Normality is a key concept of statistics that stems from the concept of the normal distribution, or “bell curve.” Data that possess normality are ever-present in nature, which is certainly helpful to scientists and other researchers, as normality allows us to perform many types of statistical analyses that we could not perform without it. Students should remember to check a dataset for normality before performing an analysis that relies on normally distributed data.
The term “normality” actually derives from a more basic statistical concept: the normal distribution. The normal distribution describes the “shape” of a population as being in that of a bell curve. That is, when you plot the statistics along a horizontal axis for that particular variable -- time, for example -- with the vertical axis representing the probability of observing that value on the horizontal axis, a dataset with a normal distribution will have a shape like a symmetrical mountain: high in the middle and gradually sloping down to the left and right. Data that follow such a distribution are said to possess normality.

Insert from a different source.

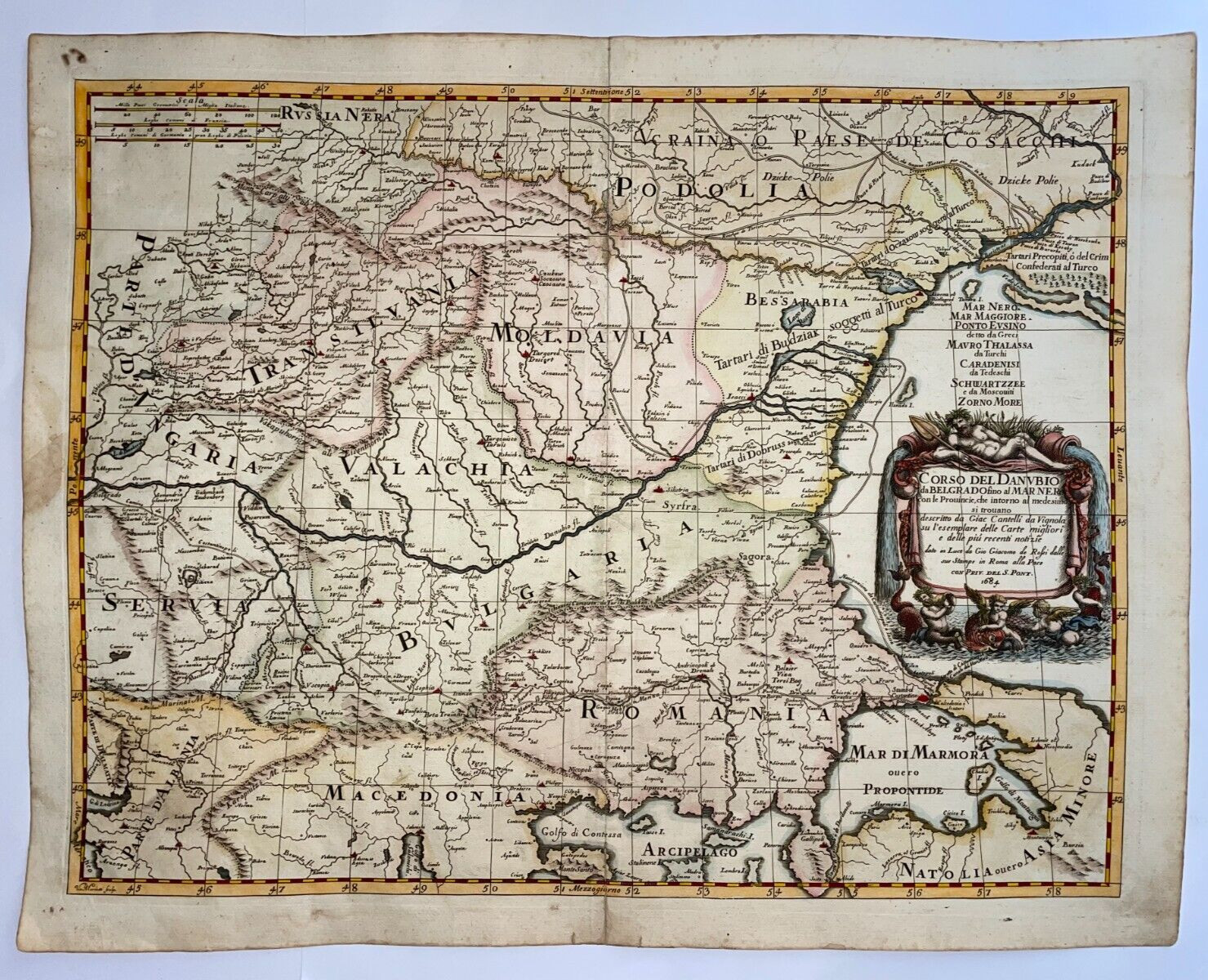 BALKANS 1684 GIACOMO DE ROSSI UNUSUAL LARGE ANTIQUE MAP 17TH CENTURY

Normality exists throughout nature. Many variables, from the amount of ketchup the average person squeezes onto his hotdog to the average lifespan of a laptop computer, possess normality. What this means is that these variables are likely to fall around the middle value, known as the mean or median, of the normal distribution, but are also as equally likely to fall to the left or right of that middle value. For example, the normal distribution can describe the time of human gestation. Though we have a habit of saying that pregnancy lasts nine months, it doesn’t always last exactly nine months. In fact, the length of one woman’s pregnancy likely differs by several days from that of another, with some shorter and others longer.
Why it’s useful
Normality is an important concept in statistics, and not just because its definition allows us to know the distribution of the data. According to statisticians Robert Witte and John Witte, authors of the textbook “Statistics,” many advanced statistical theories rely on the observed data possessing normality. For example, a t-test, which allows statisticians and other researchers to check the probability as to whether two variables come from different distributions, requires that the data you’re working with possess normality. If not, you cannot apply the t-test, which makes statistical analysis much more difficult.
Checking for Normality
Understanding normality is one thing; determining whether a dataset possesses normality is another. Statisticians often go to great lengths to check if their data possess normality. Using the traits of the normal distribution, you can check a dataset for normality in many different ways. The easiest ways include plotting the data and observing whether the data appears to fit a bell-curve shape or checking the skew of a dataset, which can tell a researcher whether the data is symmetrical -- normality requires symmetry. On the harder side are rigorous statistical tests that can tell statisticians within a certain degree of certainty whether a dataset possesses normality. No matter which way you use, ensuring normality before performing an analysis can safeguard the appropriateness of your methods.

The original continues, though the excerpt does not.